SUPPLIED MATERIAL.
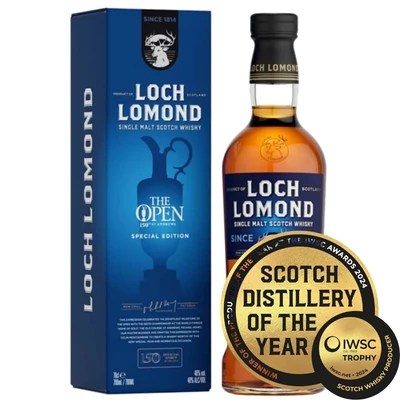 Loch Lomond 150th Open Special Edition whisky (0,7L / 46%)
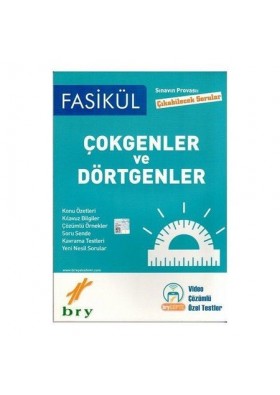 Birey Yayınları Çokgenler Dörtgenler Fasikülleri
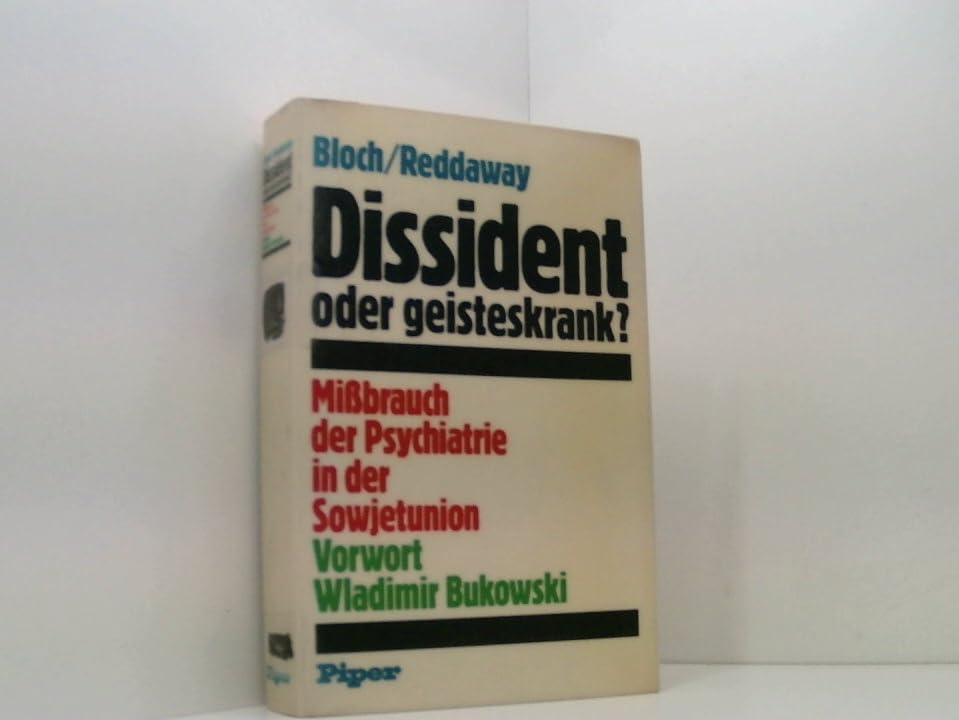 Product Image: Dissident oder geisteskrank? Mißbrauch der Psychiatrie in der Sowjetunion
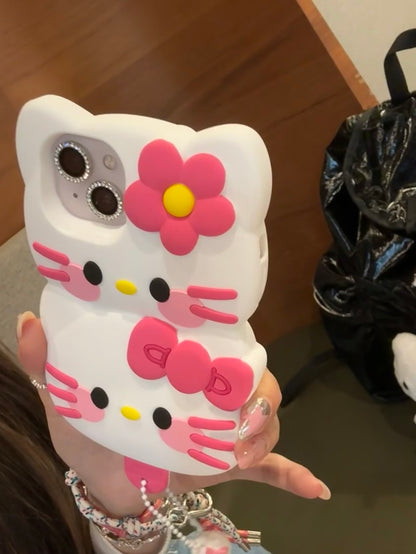 Ice cream Kitty iPhone case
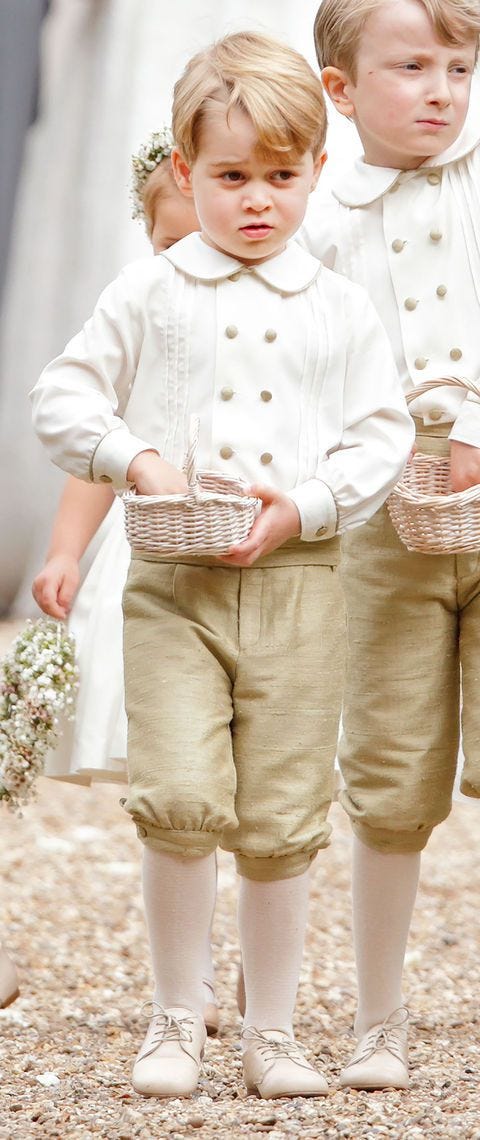 White, Clothing, Child, Beige, Toddler, Outerwear, Suit, Sleeve, Formal wear, 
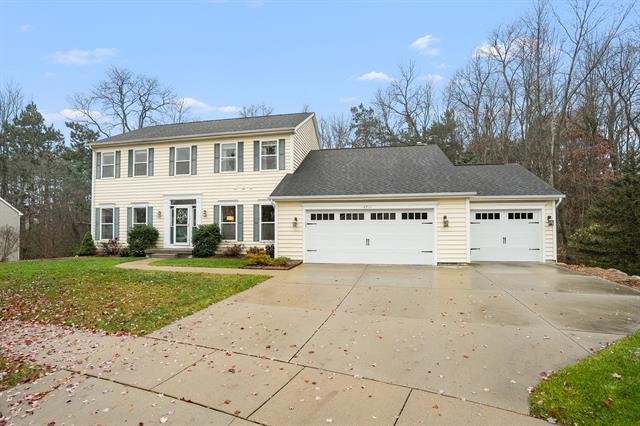 Builiding view thirty eight for 4711 Andover Woods, Portage, MI. 49024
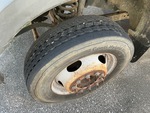 Underbody with Left Steer Tire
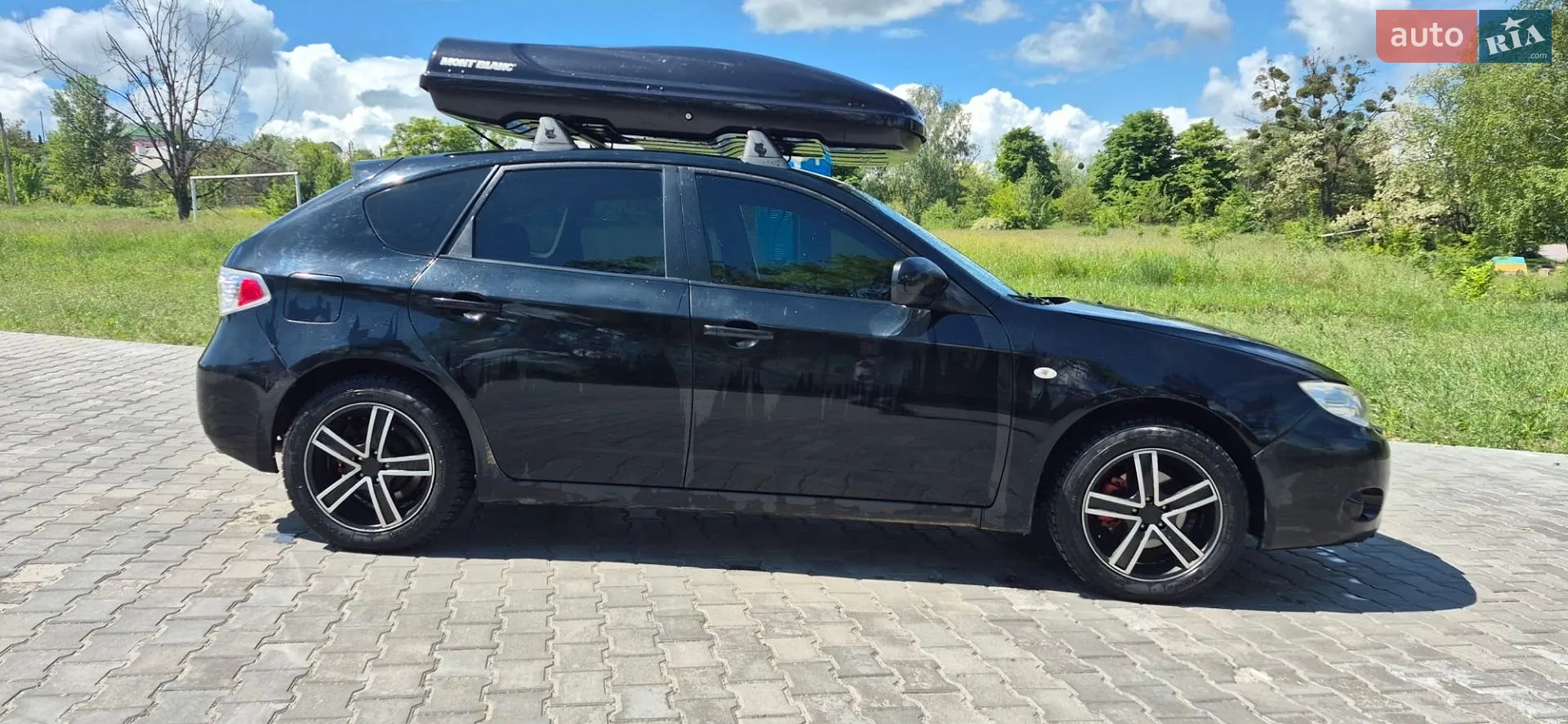 Subaru Impreza, 2007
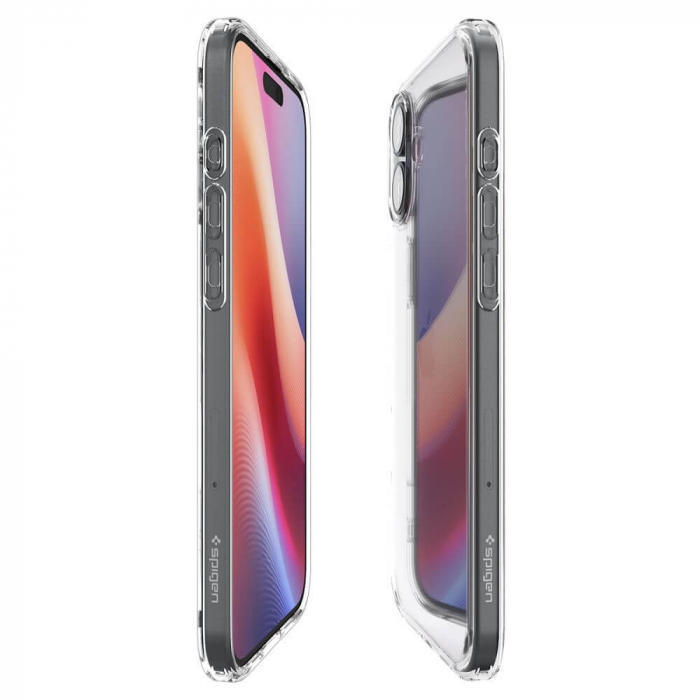 Husa Spigen Ultra Hybrid Iphone 16 Plus transparent [6]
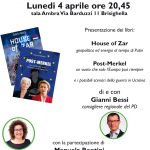 Iniziativa Pd Brisighella Lunedi 4 Aprile 2022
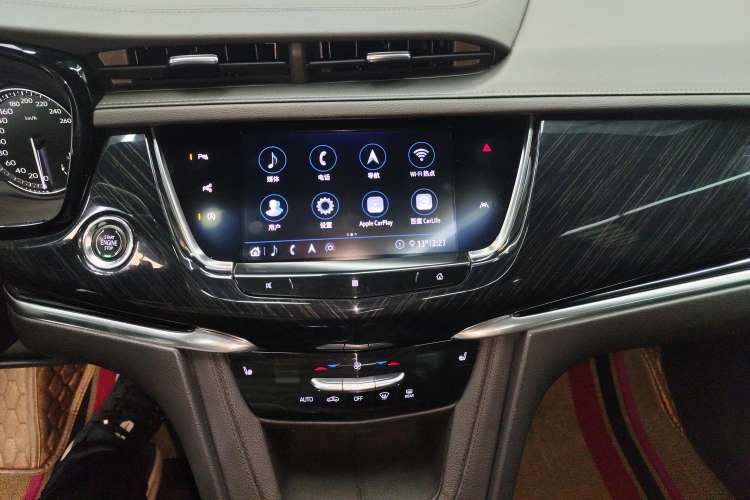 Used Cadillac XT6 2020 28T Seven-Seater Luxury Version Audio And AC Panel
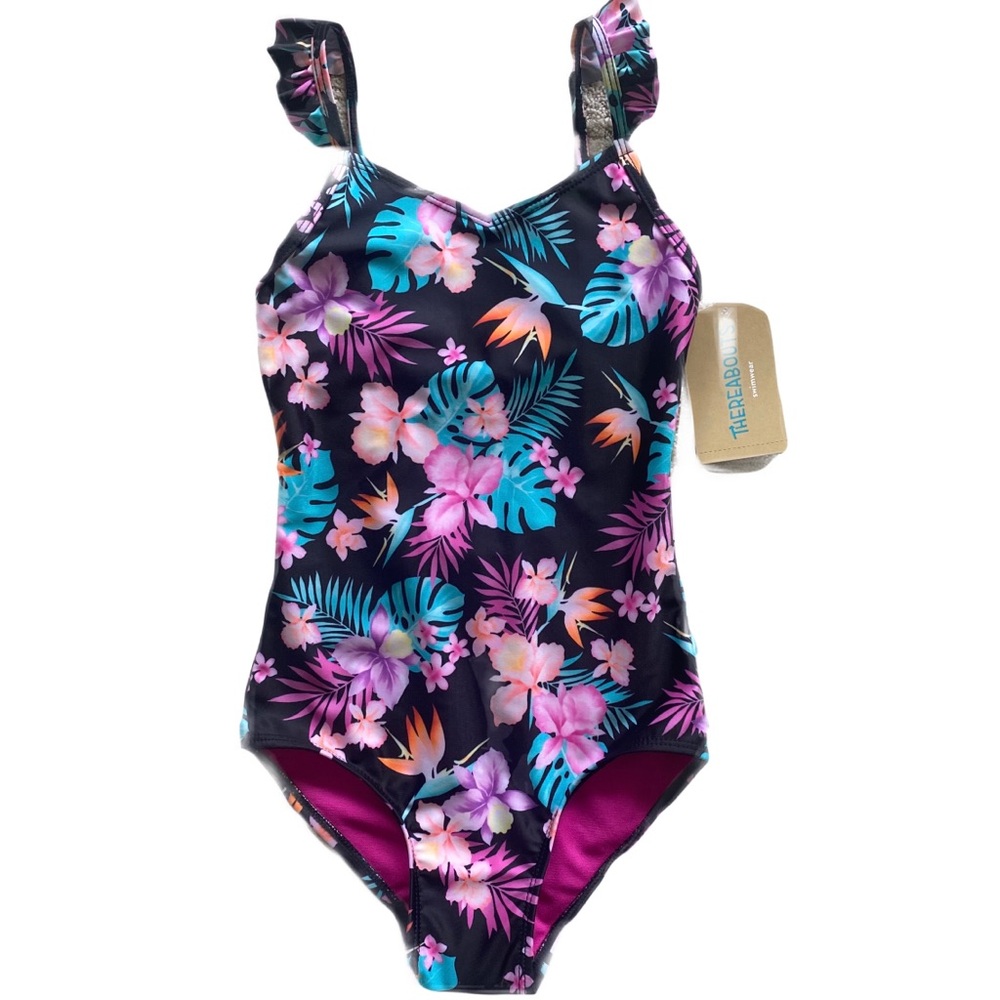 THEREABOUTS Floral Swimsuit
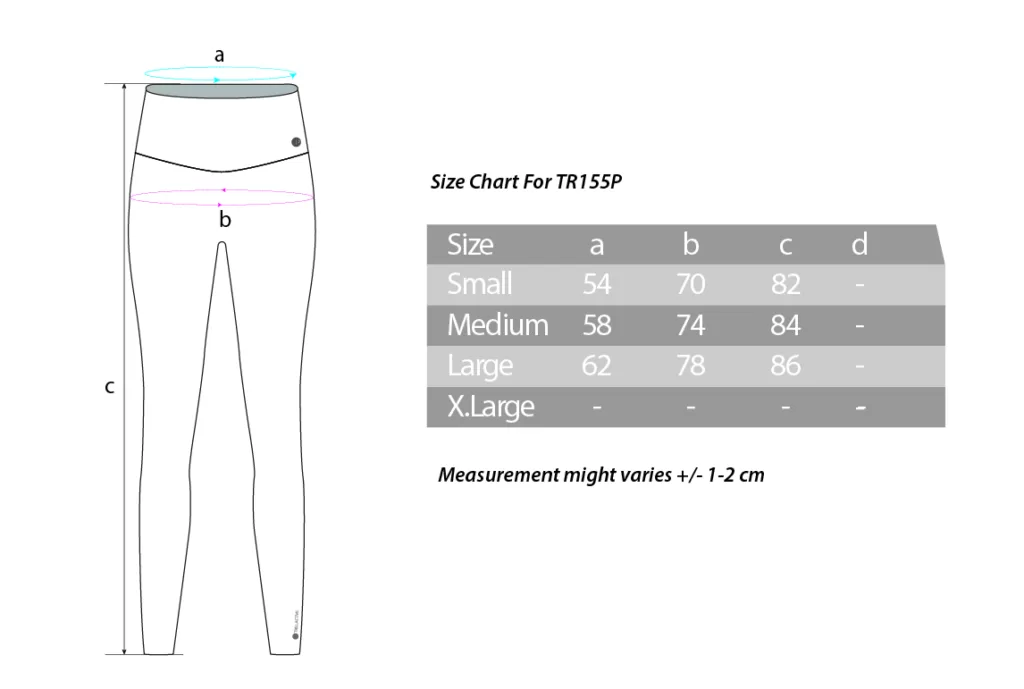 Cloud Tights - Size Chart
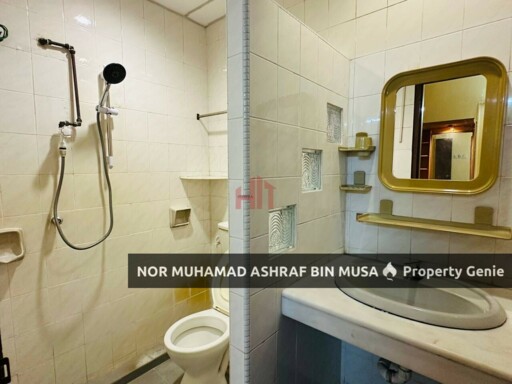 Flat Level 3 Taman Arowana Blok A, Seberang Jaya Pulau Pinang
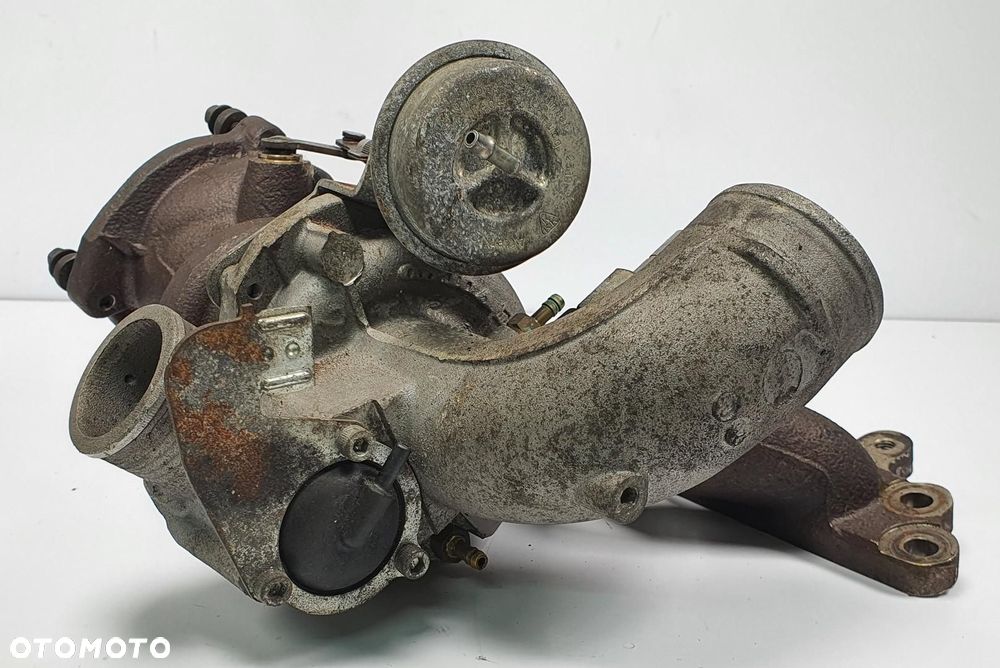 TURBOSPRĘŻARKA TURBINA KOLEKTOR VOLVO V50 FORD S-MAX MK1 2.5 T 30757112 - 5
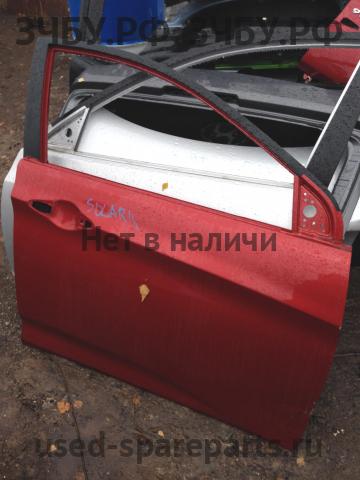 Hyundai Solaris 1 Дверь передняя правая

ASSIGNMENT. Every entry above is to be transcribed exactly, with all pictures left out.

ANSWER SPACE.
 Loch Lomond 150th Open Special Edition whisky (0,7L / 46%)
 Birey Yayınları Çokgenler Dörtgenler Fasikülleri
 Product Image: Dissident oder geisteskrank? Mißbrauch der Psychiatrie in der Sowjetunion
 Ice cream Kitty iPhone case
 White, Clothing, Child, Beige, Toddler, Outerwear, Suit, Sleeve, Formal wear, 
 Builiding view thirty eight for 4711 Andover Woods, Portage, MI. 49024
 Underbody with Left Steer Tire
 Subaru Impreza, 2007
 Husa Spigen Ultra Hybrid Iphone 16 Plus transparent [6]
 Iniziativa Pd Brisighella Lunedi 4 Aprile 2022
 Used Cadillac XT6 2020 28T Seven-Seater Luxury Version Audio And AC Panel
 THEREABOUTS Floral Swimsuit
 Cloud Tights - Size Chart
 Flat Level 3 Taman Arowana Blok A, Seberang Jaya Pulau Pinang
 TURBOSPRĘŻARKA TURBINA KOLEKTOR VOLVO V50 FORD S-MAX MK1 2.5 T 30757112 - 5
 Hyundai Solaris 1 Дверь передняя правая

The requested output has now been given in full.